Directed and Written by INGMAR BERGMAN

This is a strange, stormy period for Ingmar Bergman. His well-publicized humiliation at the hands of the Swedish tax authorities (TIME, Feb. 16) led to two weeks in a sanitarium and, currently, recuperative retreat on Faro, his island home near Stockholm. Professionally, his movies have been enjoying, at least in America, their greatest popularity: Cries and Whispers, Scenes from a Marriage, The Magic Flute have been much honored and widely attended.

All this does not obscure the fact that Bergman is working at less than full capacity. The new films lack the daunting, haunted intensity, the sheer stylistic brilliance of the earlier Persona (1966), Shame (1968) and The Passion of Anna (1969). The most recent movies are transitional works, and Face to Face is typical of them. It is a movie that marks time.

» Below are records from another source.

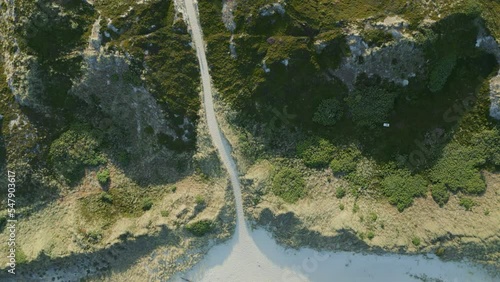 Aerial view of dunes landscape with white sand path leading to the beach. National park in the Wadden sea in Sylt, Germany. photo
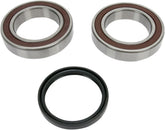 All Balls Chaincase Bearing Seal Kt
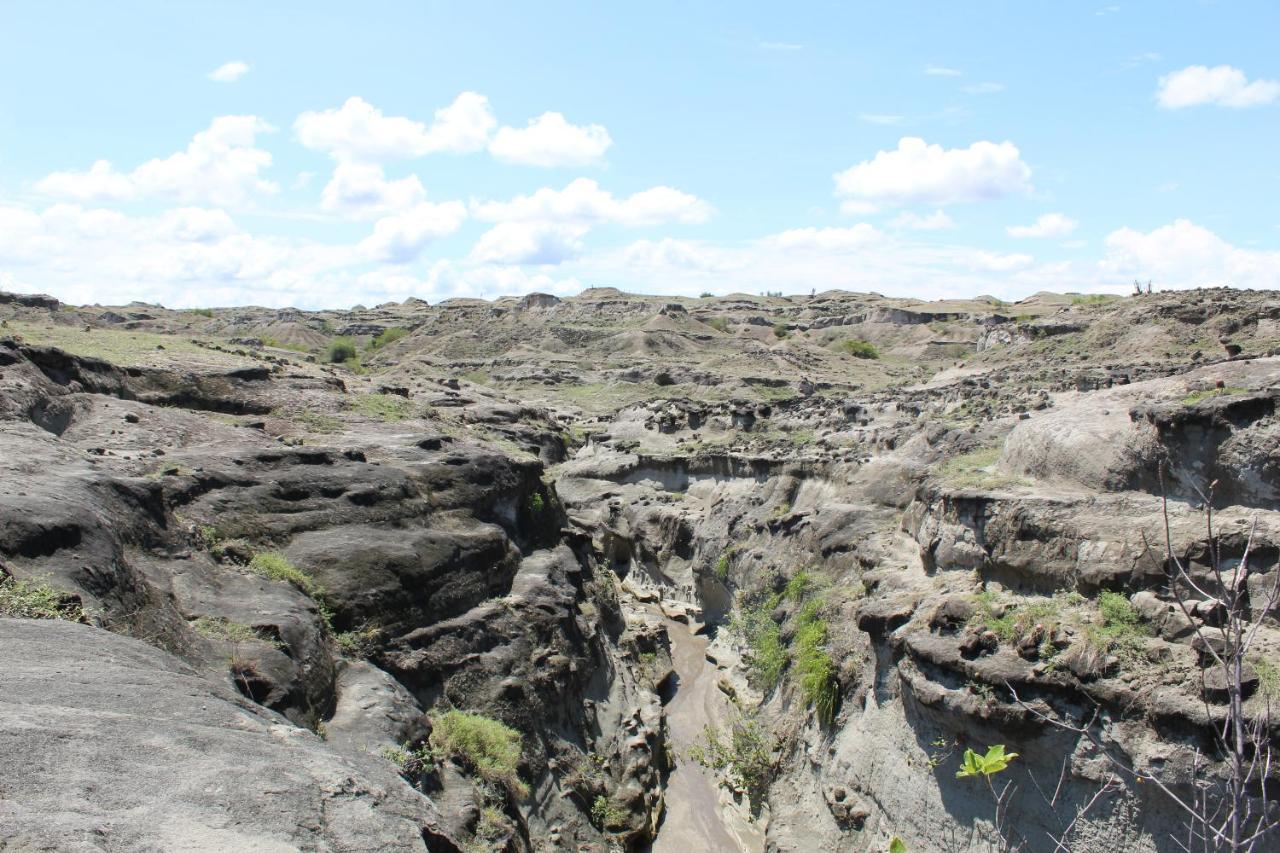 Pachingo Tatacoa Desert La Victoria  Kültér fotó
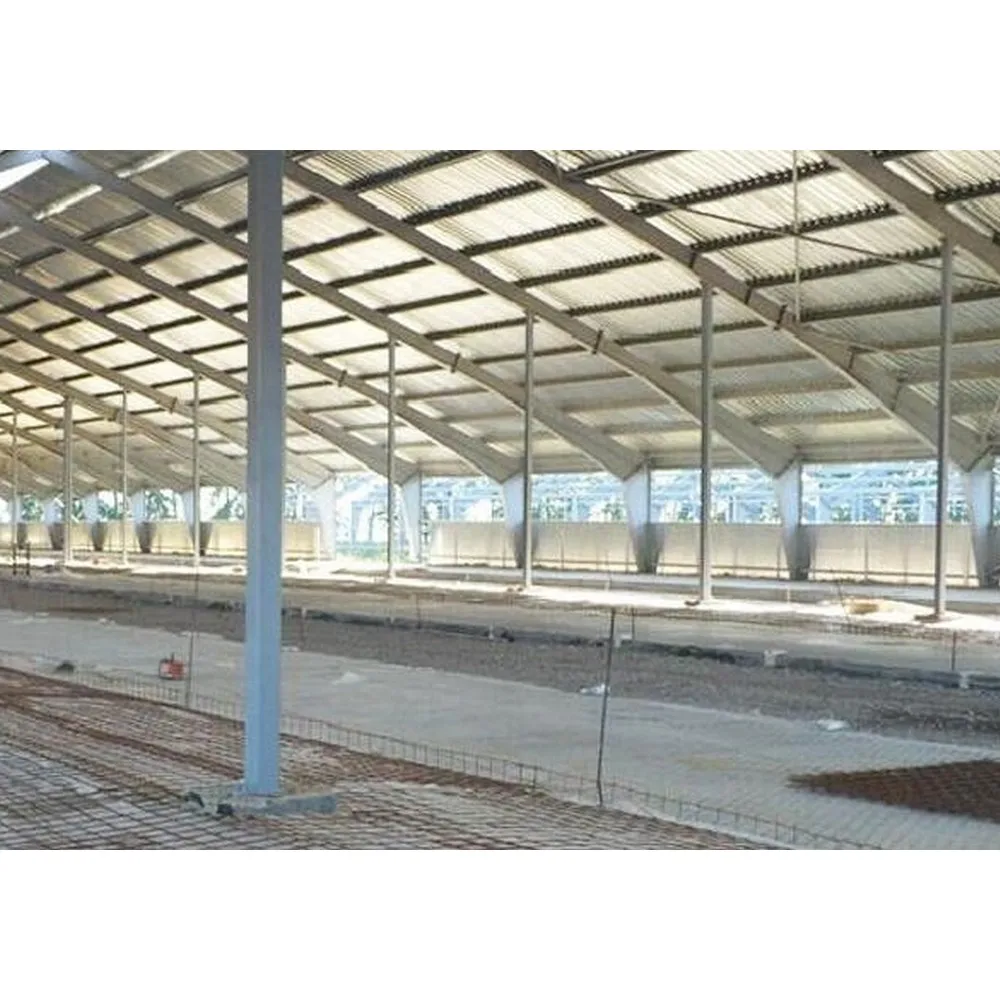 Modern Cow Shed Design Light Steel Structure Dairy Cattle Farm Building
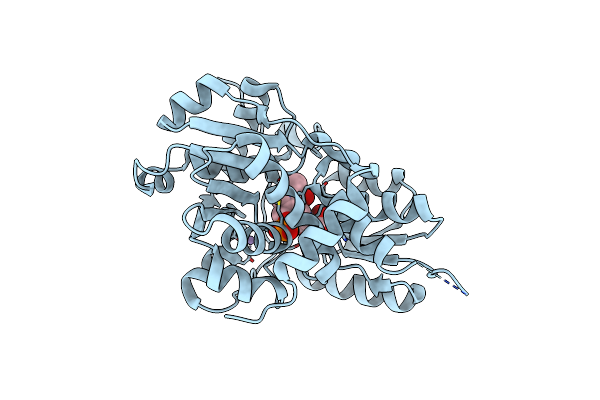3L6B image
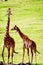 Two Juvenile Giraffes Feeding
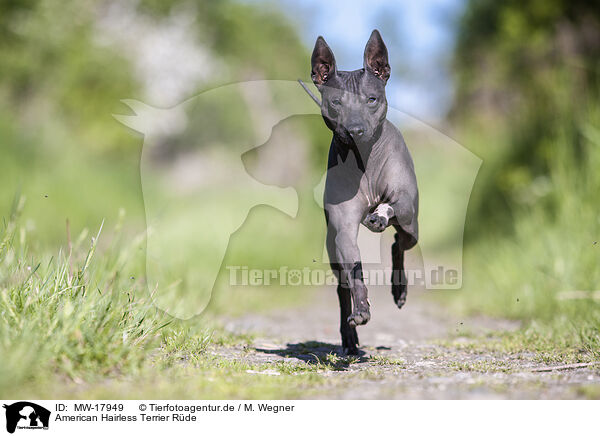 American Hairless Terrier Rde / MW-17949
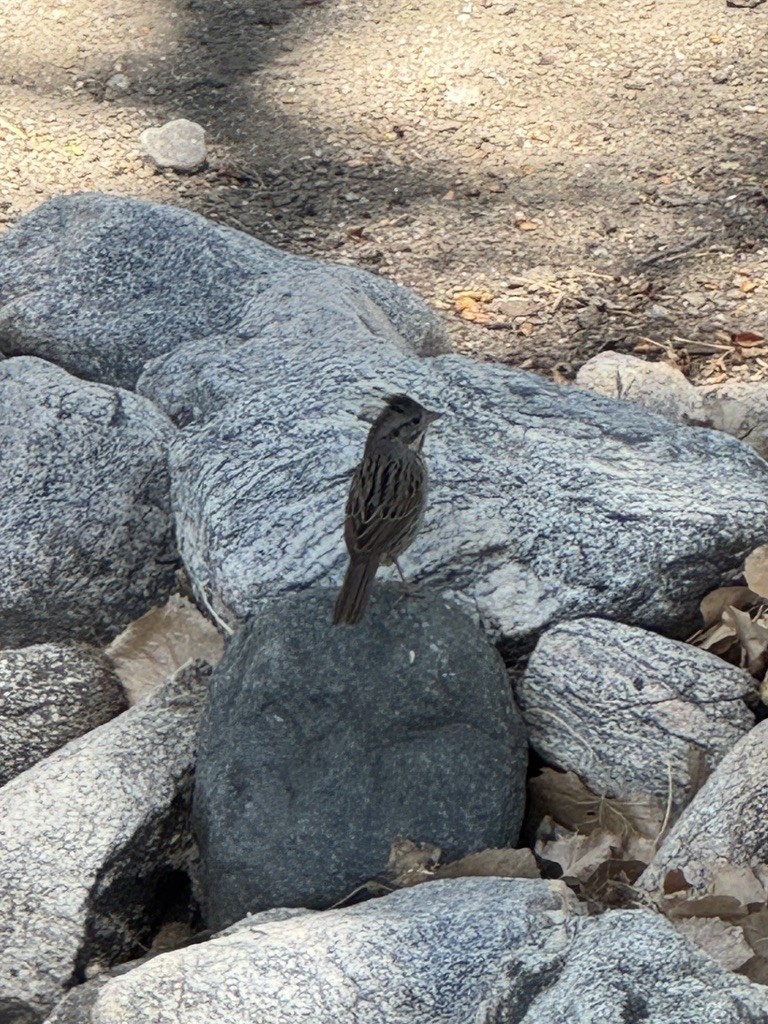 Lincoln's Sparrow - ML646338181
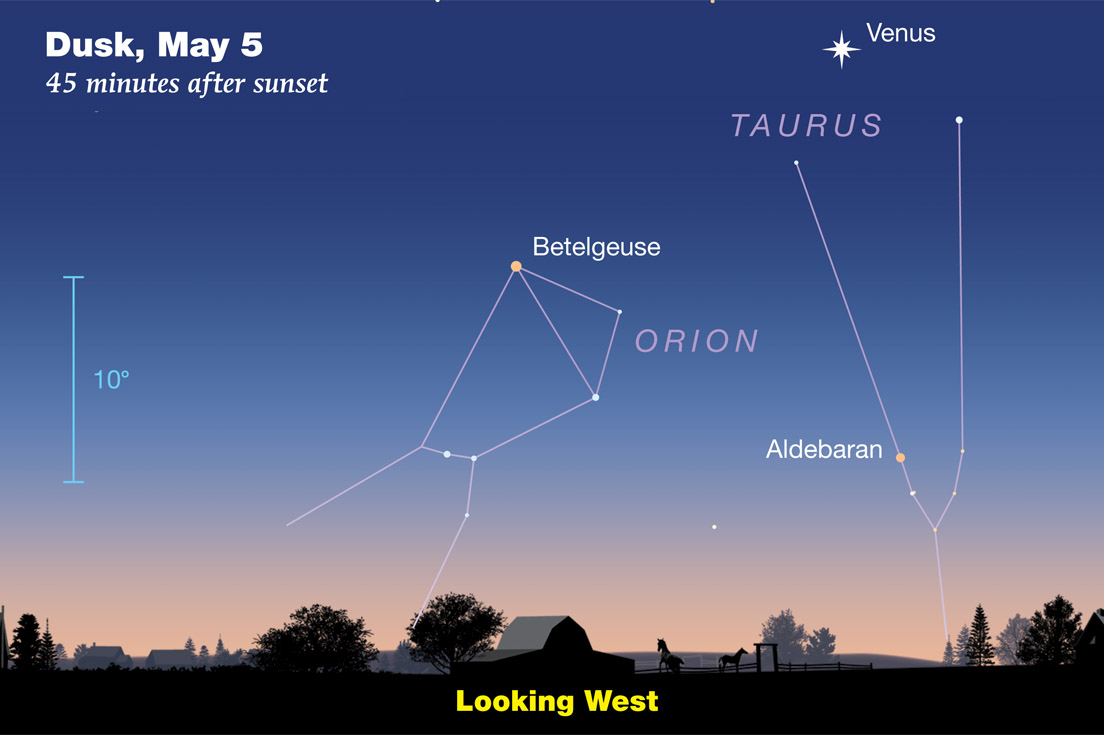 Venus Orion Taurus in early May 2023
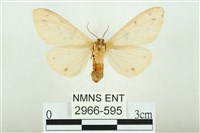 三條橙燈蛾藏品圖，第2張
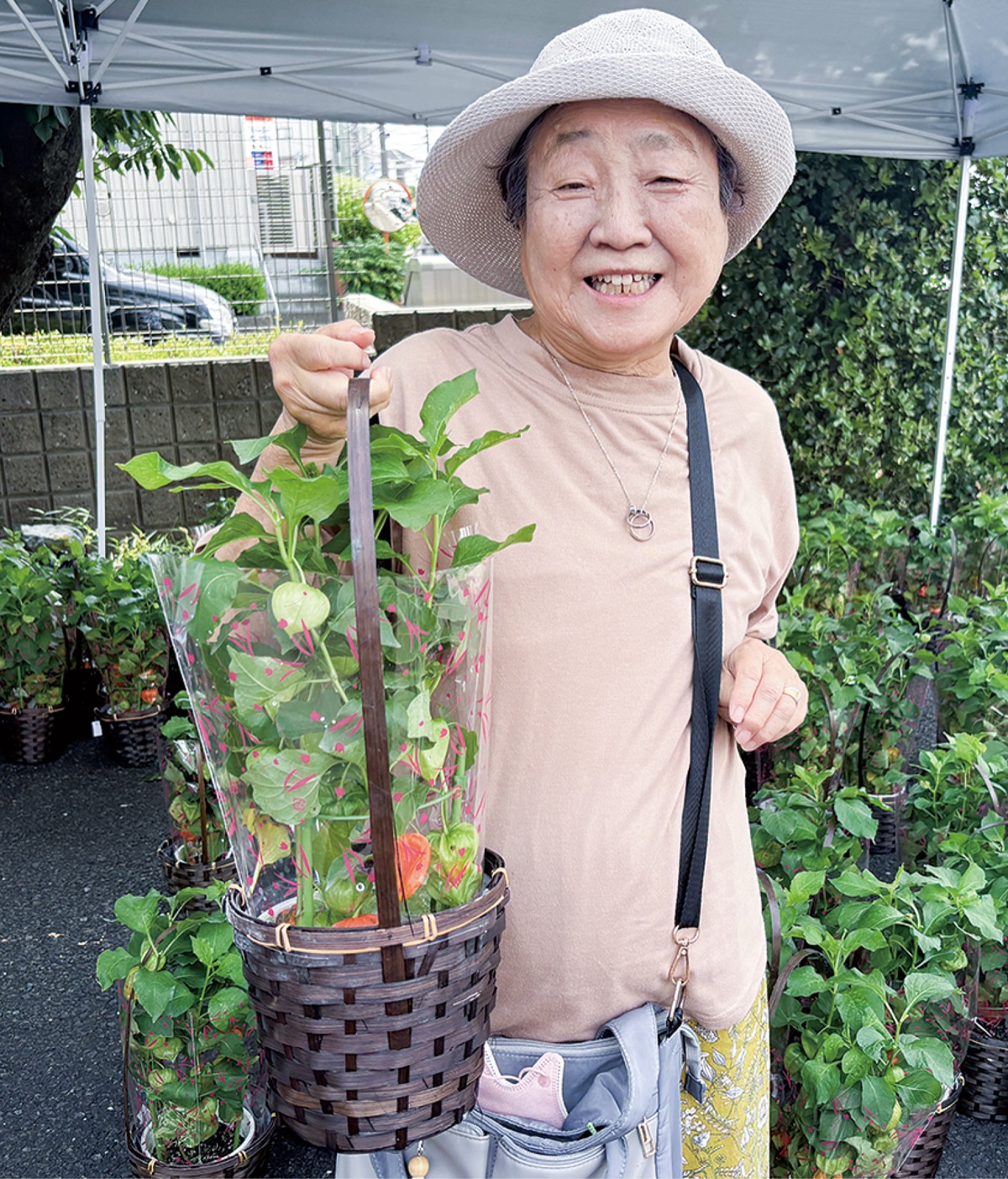 「ほおずき毎年購入しています」と笑顔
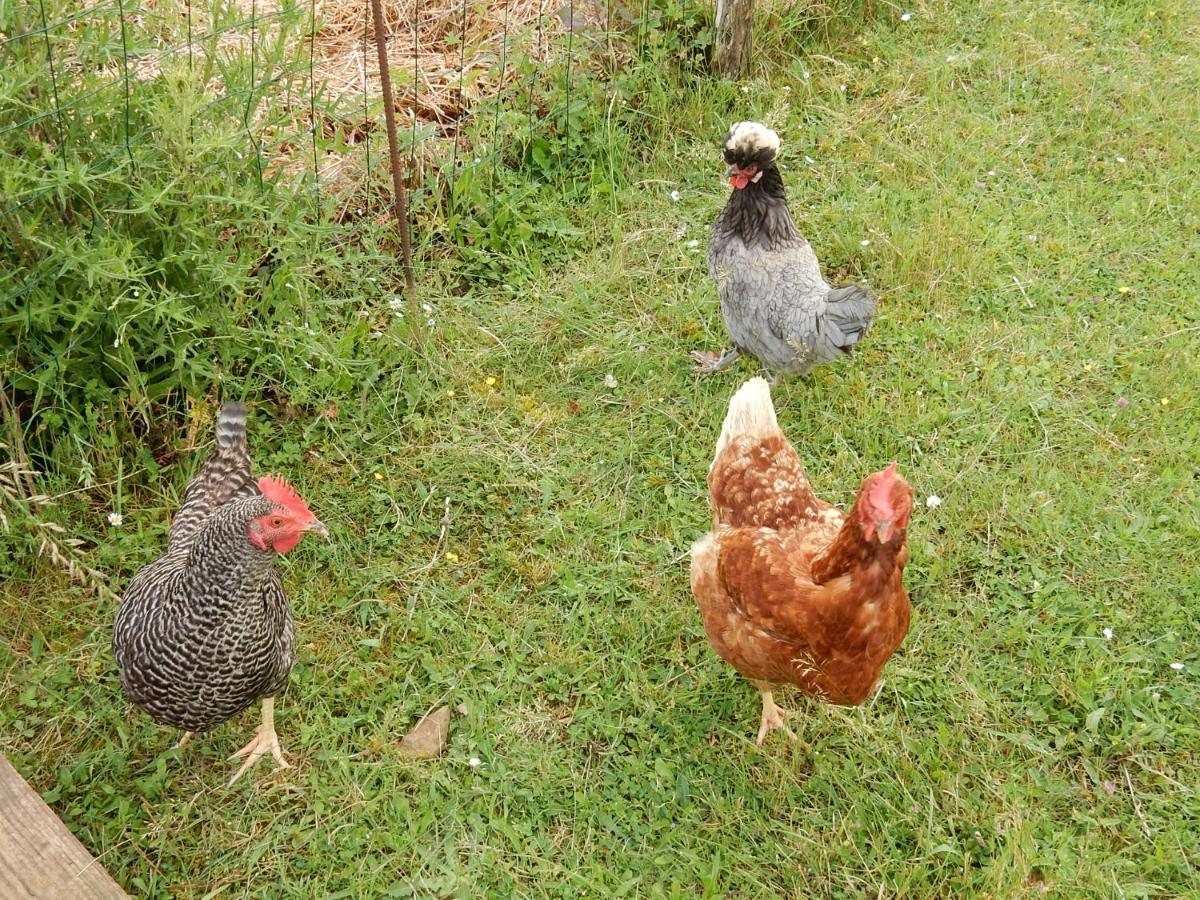 Fount De Cousteno Limbrassac Zewnętrze zdjęcie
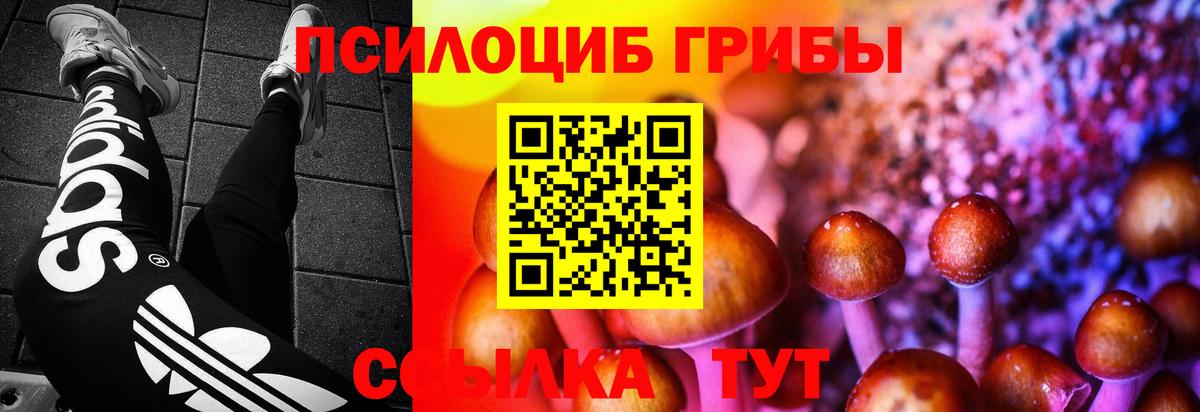 Галлюциногенные грибы Psilocybine cubensis Курчатов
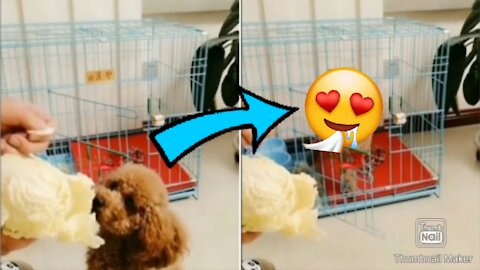 This puppy has more tantrum than girls i can bet 😂 Super Cute Expression by small puppy 😍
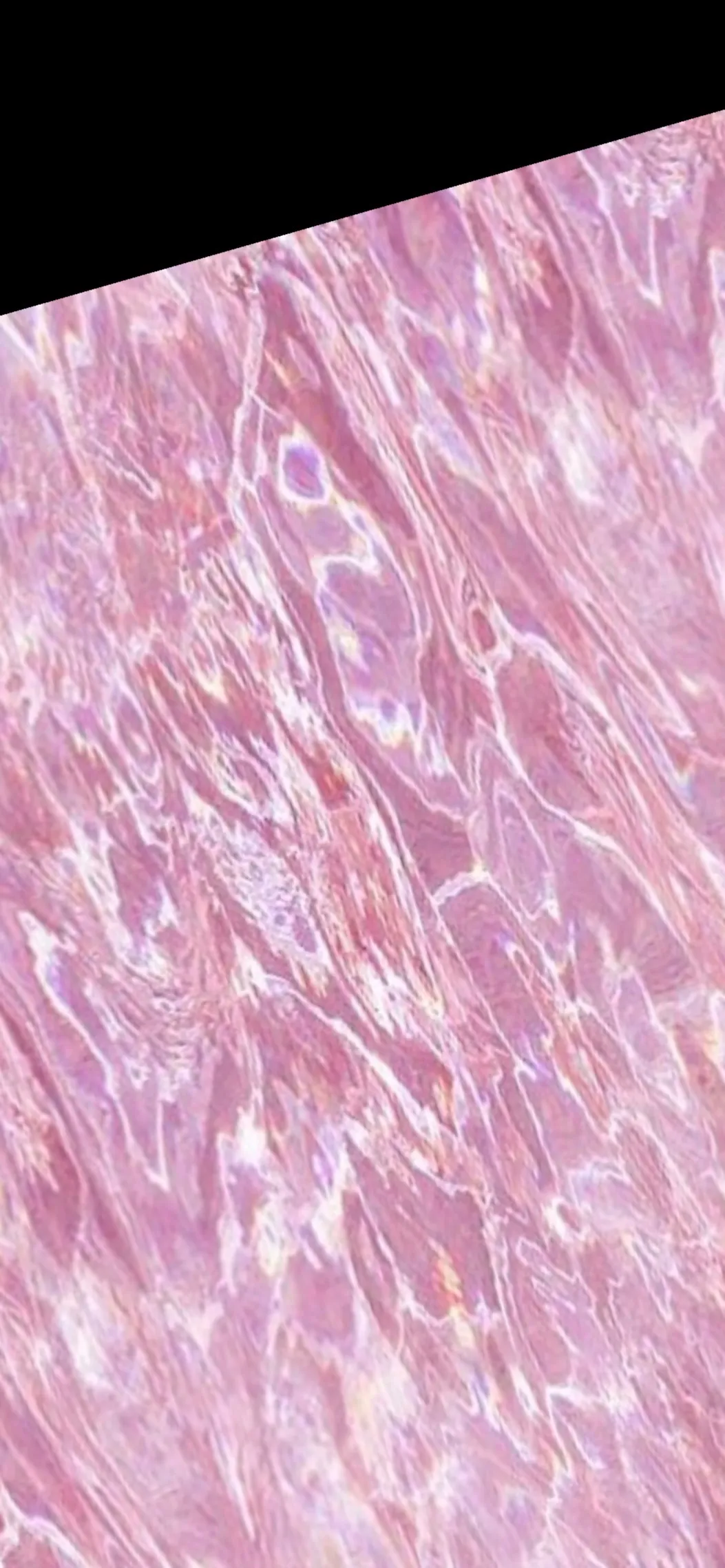 Veronica OnlyFans header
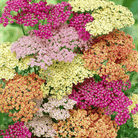 Yarrow, Summer Pastels (Achillea millefolium) - 50 seeds seed packet from Seed Therapy – American - grown, heirloom seeds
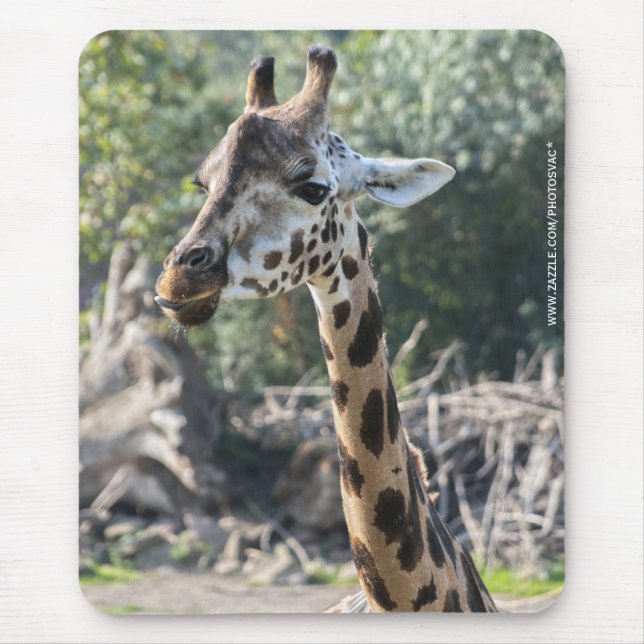 Giraff Musmatta (Framsidan)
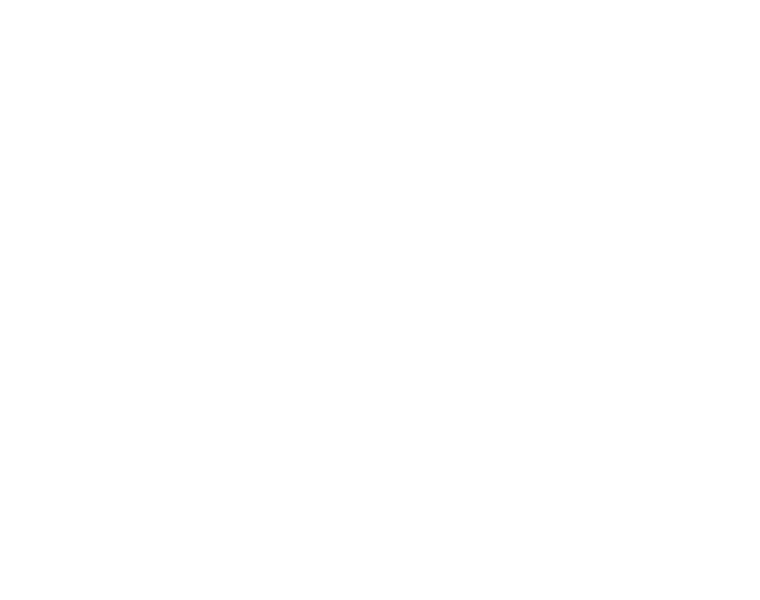Мой придурочный брат (2011)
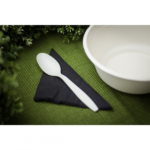 Karat Earth PLA Heavy Weight Compostable Tea Spoons, Natural - 1,000 pcs - Image 7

Like much of Bergman's canon, Face to Face is about an emotional quest and a spiritual trial. It concerns Dr. Jenny Isaksson, a Swedish psychiatrist who is enduring the same sort of crisis she is trained to cure. Her husband is off in the U.S. at a convention. Her daughter is away at summer camp. Jenny, for company, moves in with her grandparents, who have decorated her room with all the furnishings of her childhood. Instead of reassuring her, the trappings of girlhood seem to hurry Jenny back to a period of intense vulnerability. She is haunted by a presentiment of death, an old crone with a face wrinkled into bird tracks, her left eye a bulging black socket. Jenny, who has taken a lover, flirts with another, a physician named Tomas. She finds herself helpless at work, stricken by malignant anxiety.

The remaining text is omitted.